Thursday, 8 November 2012

A sad indictment

English: The NASA insignia. Español: Insignia ...
I recently came across the 2012 report from the Office of the Inspector General into NASA's Lessons Learned system. It appears that many of the recommendations are  similar to that from the NASA Lessons Learned GAO report in 2002, and others such as the 2003 Columbia Accident Investigation Board report. As a result, the conclusion of this latest report is pretty damning.

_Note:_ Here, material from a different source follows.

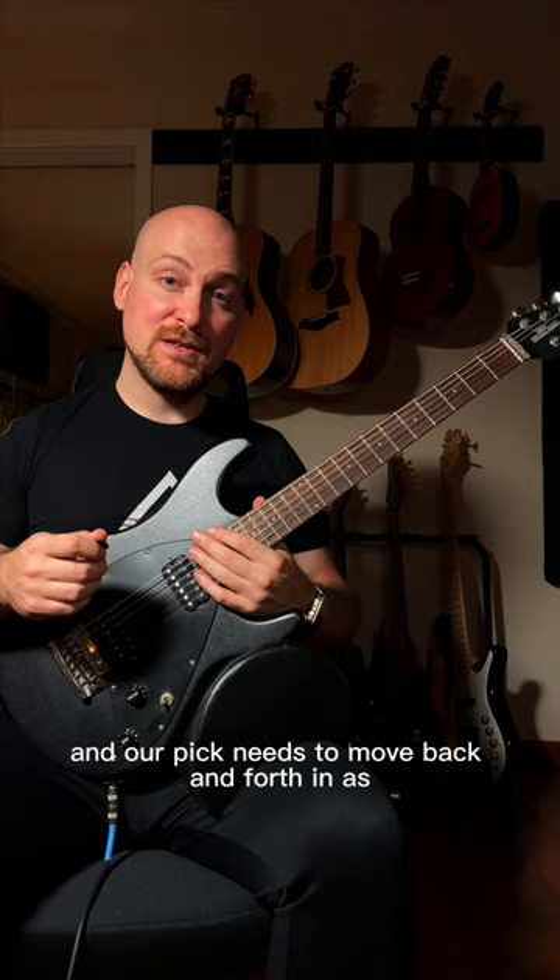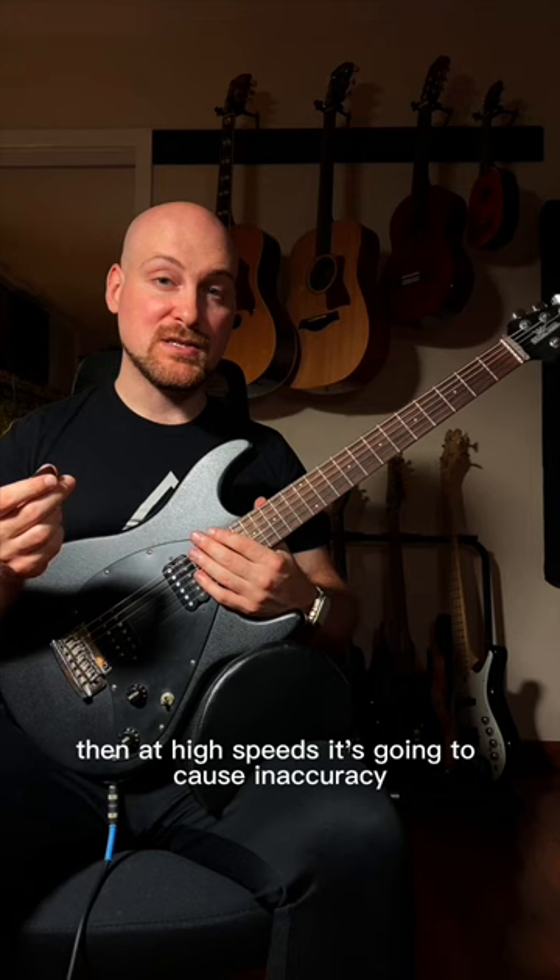If our pick is floppy, then at high speeds it's going to cause inaccuracy. This one's beveled at the edge, so it's really thin at the tip. It also has great grip.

As I learned some years ago madness is doing the same thing over and over and expecting different resultsHere are a few thoughts about what NASA might do differently:


  • As well as fixing the 'supply' side and codification of information; what about really stimulating the 'demand' side of the learning loop? This barely gets a mention. KIN Associate Nick Milton has advocated this for ages
  • Things are not helped by the report conflating information management and knowledge management, when the two require quite different approaches and processes. The recommendations should use this differentiation and resources be applied appropriately.
  • There is a fascinating tension between the need for accountability / due-diligence and the informality that effective knowledge sharing often needs to foster trust. The legal ramifications of high profile and expensive disasters (Challenger, Deepwater Horizon, Buncefield) have done us no favours in this regard. The answer: Communities of Practice remain the most effective vehicles for the stewardship and accessibility of 'latent' knowledge and know-how. Large organisations such as NASA do recognise this but rarely do they see the same level of investment or monitoring as Lessons Learned Systems.
Let's hope we do not see yet another NASA 'Lessons Learned System' failure report in 2013.